Уничтожал кто? В Альседжяе – Бальтеюс, кузнец. Было там сто тридцать четыре еврея. До войны мы все ладили между собой. Когда пришли немцы, Бальтеюс сразу шкуру переменил. Немцы здесь не расстреливали. У них только штаб был. После войны этот Бальтеюс уехал, оставив здесь жену и троих детей. Его в Польше поймали, и когда сюда привезли, у него рука была скрючена. Видно, есть справедливость. Он застрелил двадцать девять женщин. Мы прятали трех евреек, и одна служанка нас выдала. Еврейки были из Альседжяя. Служанка работала по хозяйству и заметила, что мы варим кашу, и мама куда-то ее несет. Евреек было три – швея Сара Браудене, ее дочка Браудайте лет двадцати и Брикманайте, совсем чужая, лет сорока. Они сами к нам пришли голые-босые и жили три года, если считать переезды. Полтора года у нас прожили, меня растили, мне два годика было.

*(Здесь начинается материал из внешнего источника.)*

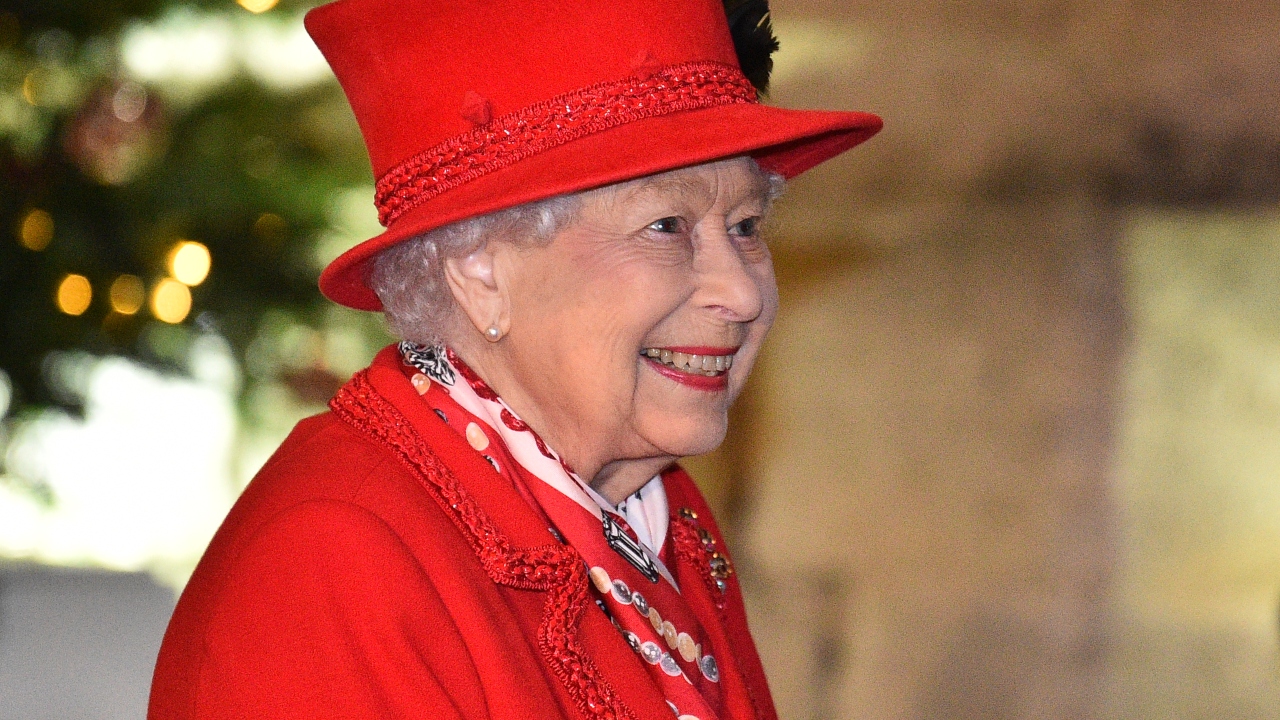 O inusitado motivo para a rainha Elizabeth II nunca mudar seu penteado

По воскресеньям мой отец возил служанку в костел, а в одно воскресенье ей вздумалось вернуться. Приходит она домой, а тут три еврейки в комнате, меня на руках держат, брата на руках. Сколько отец ни просил – ничего не вышло. Она с полицейским дружила, который евреев расстреливал, молодая, глупая. Отец сразу тех женщин увез. Обыск сделали, отца забрали и продержали три месяца. Потом эти еврейки снова к нам приехали. Мы все смотрели в окно, если кто пойдет по дорожке – тут же прятаться в погреб. Приходят к отцу Бальтеюс и другие белоповязочники, отец на кухне их за стол усаживает, бутылку ставит, все пьют, а они со мной в погребе, рот мне рукой зажимают, чтобы не пикнула. Выпили, уехали, а мы только через несколько часов вылезли. Встретил Бальтеюс отца в местечке, говорит, знаю, ты, Карейва, евреев прячешь. Отец ему: пойдем, выпьем, поговорим. Пьют оба, Бальтеюс снова орет: ну, поймаю я тебя… Сосед рядом сидит, все слышит, вскочил на коня и жене сказал, чтобы мою маму предупредила. Всех евреев в Альседжяе расстреляли на Рождество. А те женщины, которых мы прятали, все живы остались. У моего отца, Пранаса Карейвы, есть эта медаль Праведника мира. Но спасали еще несколько людей, и ксендз спасал.
Рута: Похоже, здесь, в Жемайтии, люди намного больше друг другу доверяют, чем в других местах Литвы. Жемайты отличаются от всех? Они более сплоченные, верно? Если два жемайта, живущие в Вильнюсе, встречаются тридцать лет спустя, так даже если они представители элиты, непременно станут между собой говорить на жемайтском наречии. К тому же люди здесь живут не в деревнях, а на хуторах, так что соседей должны были меньше бояться, а кроме того, сосед здесь человек полезный и необходимый – мало ли что…
Эфраим: Евгений, а знаете ли вы, сколько литовцев участвовало в убийствах евреев? По моим данным, от двадцати пяти до сорока тысяч.
Рута: Вы, евреи, даже и здесь, особенно здесь, применяете, по меньшей мере, пятидесятипроцентный коэффициент…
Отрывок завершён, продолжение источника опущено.